L’argument : À Shinshu, petit village de montagne au centre du Japon, une fileuse de soie élève seule son fils Ryosuke. Bon élève, celui-ci est en âge d’aller au lycée mais la mère s’y oppose car les études sont trop coûteuses. Elle finit néanmoins par accepter, faisant le choix de tout sacrifier pour l’éducation de son fils. Treize années plus tard, Ryosuke s’est installé à Tokyo et sa mère lui rend visite pour la première fois. Malgré les efforts de son fils pour l’accueillir, celle-ci découvre qu’il vit dans une situation précaire, déçu par les promesses de la grande ville…

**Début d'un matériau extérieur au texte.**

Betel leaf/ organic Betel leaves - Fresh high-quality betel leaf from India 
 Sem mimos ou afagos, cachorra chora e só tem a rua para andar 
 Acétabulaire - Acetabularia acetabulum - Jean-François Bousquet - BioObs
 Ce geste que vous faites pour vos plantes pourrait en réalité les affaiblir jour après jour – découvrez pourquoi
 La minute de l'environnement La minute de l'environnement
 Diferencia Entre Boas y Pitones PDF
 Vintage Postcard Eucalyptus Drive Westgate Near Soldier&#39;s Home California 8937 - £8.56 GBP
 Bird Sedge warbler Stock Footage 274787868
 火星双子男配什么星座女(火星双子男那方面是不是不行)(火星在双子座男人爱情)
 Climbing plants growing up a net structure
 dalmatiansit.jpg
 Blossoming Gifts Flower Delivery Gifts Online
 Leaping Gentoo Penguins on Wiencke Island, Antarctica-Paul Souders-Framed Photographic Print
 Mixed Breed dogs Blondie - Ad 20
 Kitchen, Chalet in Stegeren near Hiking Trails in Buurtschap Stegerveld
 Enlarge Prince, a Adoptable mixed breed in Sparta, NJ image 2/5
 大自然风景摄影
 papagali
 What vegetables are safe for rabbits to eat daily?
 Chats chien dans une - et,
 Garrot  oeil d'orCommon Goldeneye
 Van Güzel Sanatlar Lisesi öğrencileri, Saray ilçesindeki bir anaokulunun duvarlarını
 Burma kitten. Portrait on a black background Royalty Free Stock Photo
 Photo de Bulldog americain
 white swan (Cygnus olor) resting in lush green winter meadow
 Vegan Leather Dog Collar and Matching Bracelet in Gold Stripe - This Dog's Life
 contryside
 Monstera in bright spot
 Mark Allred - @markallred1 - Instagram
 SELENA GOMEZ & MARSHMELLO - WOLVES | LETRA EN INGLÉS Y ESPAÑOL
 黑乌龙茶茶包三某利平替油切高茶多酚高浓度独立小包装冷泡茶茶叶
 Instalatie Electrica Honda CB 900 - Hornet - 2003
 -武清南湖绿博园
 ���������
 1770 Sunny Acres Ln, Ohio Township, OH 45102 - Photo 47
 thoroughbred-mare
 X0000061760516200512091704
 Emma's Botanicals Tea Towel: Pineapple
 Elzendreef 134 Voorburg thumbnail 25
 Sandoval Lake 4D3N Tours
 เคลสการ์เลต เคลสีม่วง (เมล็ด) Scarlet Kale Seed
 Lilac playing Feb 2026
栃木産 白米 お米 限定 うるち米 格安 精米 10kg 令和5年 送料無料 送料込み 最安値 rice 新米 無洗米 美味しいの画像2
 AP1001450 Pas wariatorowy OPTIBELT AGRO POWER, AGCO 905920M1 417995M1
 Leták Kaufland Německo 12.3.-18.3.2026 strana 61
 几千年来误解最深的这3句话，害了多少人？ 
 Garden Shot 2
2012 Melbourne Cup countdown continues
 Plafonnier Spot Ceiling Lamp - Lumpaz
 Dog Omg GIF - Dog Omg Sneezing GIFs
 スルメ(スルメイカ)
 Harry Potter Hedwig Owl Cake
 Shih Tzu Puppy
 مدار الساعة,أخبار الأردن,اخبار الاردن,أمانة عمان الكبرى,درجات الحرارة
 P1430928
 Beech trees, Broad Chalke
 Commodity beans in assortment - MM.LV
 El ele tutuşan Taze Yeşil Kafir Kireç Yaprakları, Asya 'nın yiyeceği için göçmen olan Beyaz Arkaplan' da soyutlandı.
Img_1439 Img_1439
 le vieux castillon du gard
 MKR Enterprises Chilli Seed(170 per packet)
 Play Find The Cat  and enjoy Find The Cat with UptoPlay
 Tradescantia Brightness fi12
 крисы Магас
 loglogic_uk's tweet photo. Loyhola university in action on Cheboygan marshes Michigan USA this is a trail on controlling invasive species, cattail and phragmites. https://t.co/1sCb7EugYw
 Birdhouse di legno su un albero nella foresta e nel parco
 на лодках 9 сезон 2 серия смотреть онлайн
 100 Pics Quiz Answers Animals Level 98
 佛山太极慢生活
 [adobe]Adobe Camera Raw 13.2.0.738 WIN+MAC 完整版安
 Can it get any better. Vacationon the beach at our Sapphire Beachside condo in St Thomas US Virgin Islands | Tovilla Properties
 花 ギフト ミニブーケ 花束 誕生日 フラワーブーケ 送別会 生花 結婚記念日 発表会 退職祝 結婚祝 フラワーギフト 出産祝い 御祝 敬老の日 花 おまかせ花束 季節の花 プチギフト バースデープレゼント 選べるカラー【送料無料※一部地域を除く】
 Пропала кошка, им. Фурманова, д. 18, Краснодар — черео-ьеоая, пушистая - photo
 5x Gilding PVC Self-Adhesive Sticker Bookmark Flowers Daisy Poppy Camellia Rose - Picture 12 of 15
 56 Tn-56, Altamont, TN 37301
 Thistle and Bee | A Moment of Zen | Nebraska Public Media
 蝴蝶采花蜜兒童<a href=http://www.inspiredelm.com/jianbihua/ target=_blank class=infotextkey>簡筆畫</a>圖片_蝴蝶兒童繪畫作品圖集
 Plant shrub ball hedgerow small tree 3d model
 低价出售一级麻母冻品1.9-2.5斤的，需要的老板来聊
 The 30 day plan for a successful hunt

Notre avis : Le premier film parlant d’Ozu n’est pas très bavard et le silence y prend même une importance toute particulière que les films précédents ne pouvaient que suggérer. Le langage filmique bien à lui que le cinéaste avait développé en dix ans de carrière (et trente-quatre titres) n’est en effet pas remis en question par l’arrivée du son mais celui-ci y ajoute une dimension supplémentaire, creusant les extraordinaires plans d’oreillers qui abondent ici au point de prendre parfois le pas sur l’intrigue et leur conférant une résonance accrue. Mais c’est aussi la prodigieuse photo de Shôjirô Sugimoto, dont l’usure du temps n’a pas altéré la qualité d’incandescence, qui donne aux objets, aux intérieurs, aux paysages urbains, une présence vivante à la fois apaisée et troublante.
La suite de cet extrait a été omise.